I have seen these boats on line and have read much about them. I have called the new company in CAN that owns the mold and is building new ones. I find these boats very interesting for the space and the (what I have been led to believe simplicity in sailing)...

Growing up in New England I am very familair with the traditional cape cod cat and the like... It seems to me that these boats are designed very differently (hull wise)...

Everything I read about these boats seem very impressive as to the quality of construction.. It seems to me as if they are built for blue water sailing- talking quality... Yet, the sail plan raised some questions... I found one owner in SF CA and heard of one in AK... They do not seem very popular out here (PNW) and I am curious how they hold up to off shore sailing outside the protected islands of WA and Canada (Gulf)...

My thoughts would lead me to think that the cutter rig would be better suited- yet, I am finding many sailing vessels with cutter rigs built with less quality.

If there is anyone in WA state who owns one of these boats I'd love to sail with you.

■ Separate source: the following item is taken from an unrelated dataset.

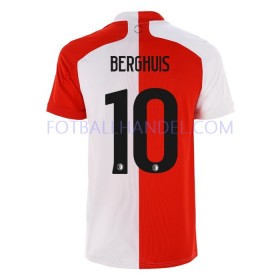 Herre Fotballdrakter Feyenoord Rotterdam Steven Berghuis 10 Hjemme 2020-21 Kortermet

PLease send me an email.. I sail out of Everett, WA...

Over all, my main interest is how does having only ONE sail and a BIG one at that complicate your sailing- (speaking to those who sail or sailed one)...

Addressing the post regarding the ICW- I have no desire to sail those waters. If I did, my thinking would be the nonsuch is not a traditional cat boat and would not be the best boat on the ICW- esp further south FL.. My limited sailing in the chesapeak and in the carolinas would tell me that NC has some really rough weather- now that One Big Sail would be worth addressing..


----------



## anchorsaweigh (Aug 19, 2000)

I was out in a Nor'Easter last August and my boat took it just fine. Some really high winds and some good gusts and everything held together except the sail. The sail was 13-years old and was in dire need of replacing anyway.

I put a reef in at around 25 - 30 and a second reef at around 35 or so and everything remains smooth.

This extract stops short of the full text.